Remember too, that although you may not have the time and energy for a scene, you can do other things. For example, taking your submissive shopping can be a lot easier on the mind and body than running a scene with them. Most submissives, at least if you allow them to get dressed, enjoy shopping for clothes, and most of them enjoy shopping for new toys too - and even get a thrill from seeing toys for fetishes that they don't like and being asked to hop on them in the store. This gives them that little thrill of "OMG will she really make me do this at home" mixed in with breaking taboos in public, plus the belief that you probably won't start a scene in a shop but it is attention as well as some form of active submission which is just the ticket, even if only for a couple of minutes in the shop.

If you do go shopping, and you have the time, there is always the ritual of showing what you've just bought her too. Depending on where you shop, even one outfit may take some time - I recently bought an outfit with about 35 different items (and not just the same items on different layers) - demonstrating all the combinations of that to find the way Mistress liked it best took over an hour in which all her attention was on me, but she was just sitting back, watching me change clothes and discussing which bits she liked the best. I'm fairly sure this is lower effort on her part than an intense scene, but it made me feel great and gave me lots and lots of attention. If this had been mixed with play, and it can often lead that way for us, it could have taken hours if not days.

Another alternative would be to set her tasks. For example, say you'd like her to find certain types of places, and then spend the time required to go to the places she's found. Want to display your submissive in public, in bondage? Have her search for places that allow or even encourage this. Want to train her as a pony girl? Have her search out a few schools. If you keep your submissive in a kennel or cage routinely, letting her have a day free to explore like this can be a reward in its own right of course. Exploring half a dozen new sims or clubs to find one that you like can easily take quite some time, but it's time where you're not constantly as focussed as you would be in a normal scene so it is less draining on you, but your submissive will love you for it.

Or consider having her do things for you. Want to have a new bed and have a submissive who can build, or who can design textures for when you build? Set her to it. When it's done examining, and then testing, the bed can be a great spark for some play too - you're asking her questions about design decisions, functionality etc. and you're paying attention to her creative work which is always a great place to give her attention if she's inclined that way, and it can give you fun ways to praise, mock punish and otherwise lavish attention on your submissive. Be warned though: if you have a submissive who hates building, this isn't such a good thing to do, but you can almost certainly find something that they will like doing that it useful for both of you.

INTERMISSION: THE MAGIC OF PRESENCE
Being in the presence of the dominant is not quite the same as having their attention. You could be lying on your bed reading, with your submissive kneeling quietly in the corner, watching you carefully from her lowered eyes. You pay no attention to her, at least until you are done with your reading or you need a drink or whatever. This doesn't do the same thing as paying attention, but can be still be deeply satisfying in a passive way for the submissive.

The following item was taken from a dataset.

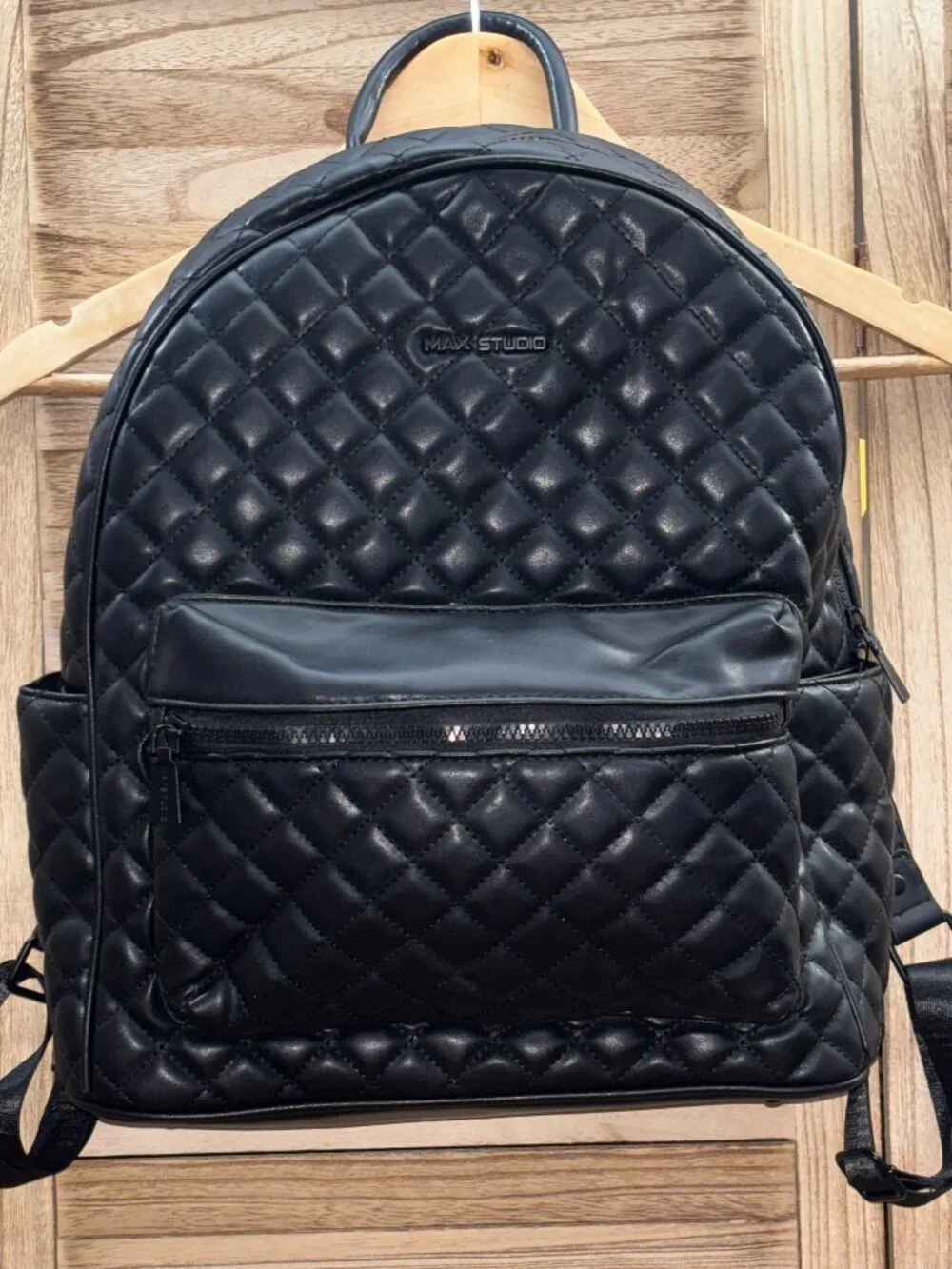 Max Studio Black Quilted Faux Leather Backpack Like New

Why? Well some of it is tied up in being with the one she loves of course. Some of it is that she is actively submitting and demonstrating her submission - you have told her to kneel in that corner and keep quiet and even if you're not paying attention in particular you're aware that she hasn't moved away and she's doing what they're told, and she will know that. Some of it is that hope that you will comment and give attention at the end of the time. Some of it is that hope that you will finish what you're doing and lead directly into a scene. But even when you don't, you started with some direct attention - you gave the order, she has carried out your wishes in a way that she knows you've noticed at some level, and you give her another order at the end, that she can go, at a minimum. If I'm with Mistress, she might or might not focus her attention on me - but if I'm not with her she can't so being with her is always better.

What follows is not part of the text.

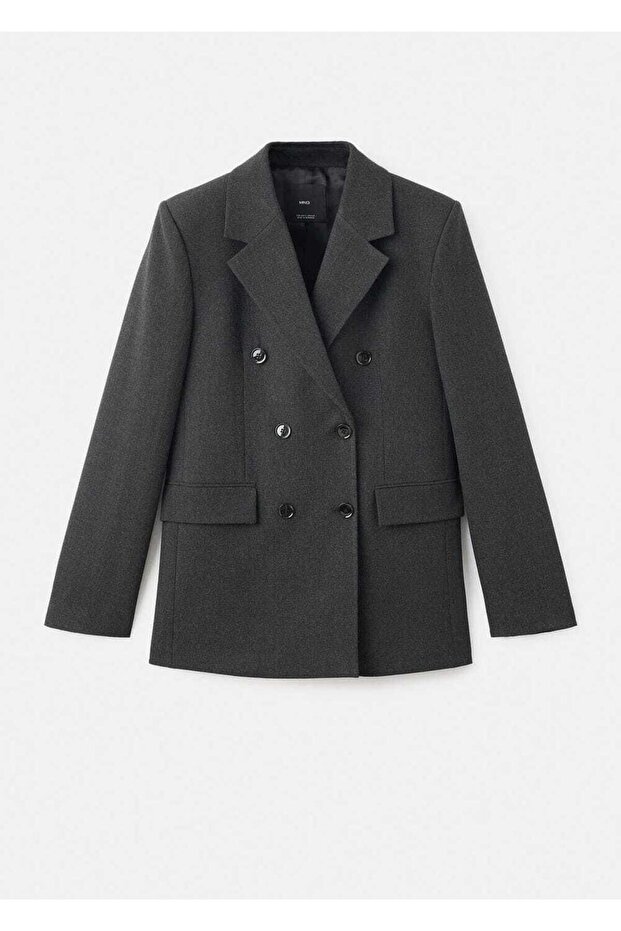 Çift düğmeli kumaş blazer ceket - 3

THOUGHTS FOR THE SUBMISSIVE
From the perspective of a submissive, you can also make intelligent choices about you and how you get what you want in terms of time and attention. This isn't always in your control, as your dominant may change things on you of course, but in general you can have some input.

First, and this is going to sound like a really odd one especially coming from another submissive, put yourself first for a little while. Think seriously about what you need from your relationship to keep you happy. Consider how, in the boundaries of the relationship, you can express that need. If you or your dominant work outside of Second Life, and most of us do, will an email on work days do? Do you want to give your dominant control over your clothes and dress they way they choose every day - which only takes a few minutes on their part after all, but which can be a continuous reminder to you of your submission and can also display it to others depending on your Mistress' choices. If your Mistress can get into Second Life for that time, you can strip out of today's clothes and dress in tomorrow's clothes with her: a short, but incredibly satisfying way of spending time together if you play that way. If you use the Restrained Life Viewer your dominant can even be reasonably sure that you're staying dressed, or undressed, as they chose.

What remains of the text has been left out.